Microsoft Application Insights Output Plugin for Logstash
This project is a plugin for Logstash.
This plugin have to be installed on top of the Logstash core pipeline. It is not a stand-alone program.
This plugin outputs events to Microsoft Application Insights Analytics open schema tables.
Plugin Features
Supported Logstash Versions
- Logstash 2.3.2
- Logstash 2.3.4
- Logstash 2.4.0
- Logstash 5.0.0
Note:
- x64 Ruby for Windows is known to have some compatibility issues.
- the plugin depends on azure-storage that depends on gem nokogiri, which doesn't support Ruby 2.2+ on Windows.
Setting up
Install Logstash
- Download logstash from https://www.elastic.co/downloads/logstash
Install logstash-output-application_insights output plugin
One command installation:
bin/logstash-plugin install "logstash-output-application_insights"
Create configuration file
Example (input from files output Application Insights):
input {
file {
path => "/../files/*"
start_position => "beginning"
}
}
filter {
# some filters here
}
output {
application_insights {
instrumentation_key => "5a6714a3-ec7b-4999-ab96-232f1da92059"
table_id => "c24394e1-f077-420e-8a25-ef6fdf045938"
storage_account_name_key => [ "my-storage-account", "pfrYTwPgKyYNfKBY2QdF+v5sbgx8/eAQp+FFkGpPBnkMDE1k+ZNK3r3qIPqqw8UsOIUqaF3dXBdPDouGJuxNXQ==" ]
#
# if you want to allow Microsoft get telemtry data about this process please set it to true
enable_telemetry_to_microsoft => false
}
}
Run Logstash
bin/logstash -f 'file://localhost/../your-config-file'
Installation options
One command installation:
bin/logstash-plugin install "logstash-output-application_insights"
If above does not work, or you would like to patch code here is a workaround to install this plugin within your logstash:
- Check out/clone microsoft/logstash-output-application-insights code from github https://github.com/Microsoft/logstash-output-application-insights
Option 1: Run in a local Logstash clone
Edit Logstash
Gemfile
and add the logstash-output-application-insights plugin path:gem "logstash-output-application-insights", :path => "/../logstash-output-application-insights"

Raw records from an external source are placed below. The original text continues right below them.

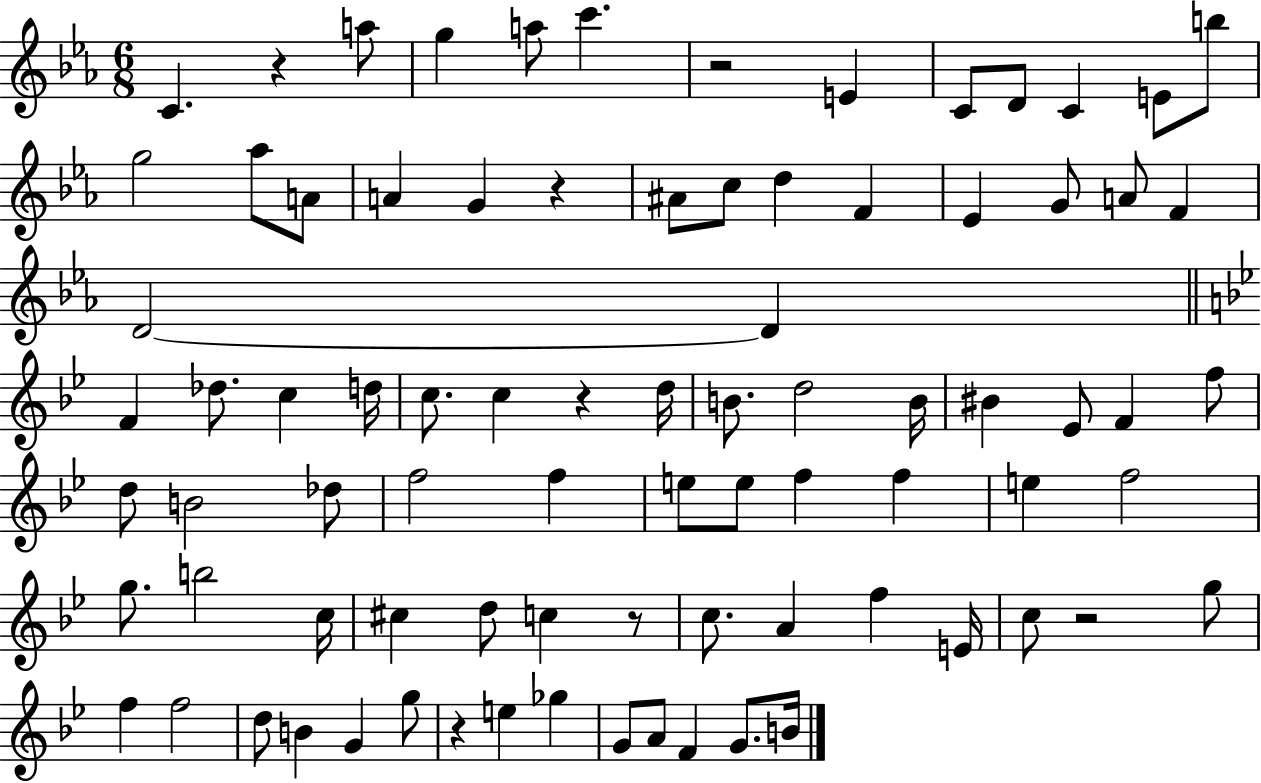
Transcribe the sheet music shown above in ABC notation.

X:1
T:Untitled
M:6/8
L:1/4
K:Eb
C z a/2 g a/2 c' z2 E C/2 D/2 C E/2 b/2 g2 _a/2 A/2 A G z ^A/2 c/2 d F _E G/2 A/2 F D2 D F _d/2 c d/4 c/2 c z d/4 B/2 d2 B/4 ^B _E/2 F f/2 d/2 B2 _d/2 f2 f e/2 e/2 f f e f2 g/2 b2 c/4 ^c d/2 c z/2 c/2 A f E/4 c/2 z2 g/2 f f2 d/2 B G g/2 z e _g G/2 A/2 F G/2 B/4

Install plugin the plugin from the Logstash home
bin/logstash-plugin install --no-verify
Option 2: Run in an installed Logstash
Build your plugin gem
gem build logstash-output-application-insights.gemspec
Install the plugin from the Logstash home
bin/logstash-plugin install "logstash-output-application_insights"
Configuration parameters
storage_account_name_key
Array of pairs, storage_account_name and an array of acces_keys. No default At least one pair is required. If not defined, values will be taken (if exist) from Environment Variable: AZURE_STORAGE_ACCOUNT and AZURE_STORAGE_ACCESS_KEY examples:
storage_account_name_key => [ "my-storage-account", "pfrYTwPgKyYNfKBY2QdF+v5sbgx8/eAQp+FFkGpPBnkMDE1k+ZNK3r3qIPqqw8UsOIUqaF3dXBdPDouGJuxNXQ==" ]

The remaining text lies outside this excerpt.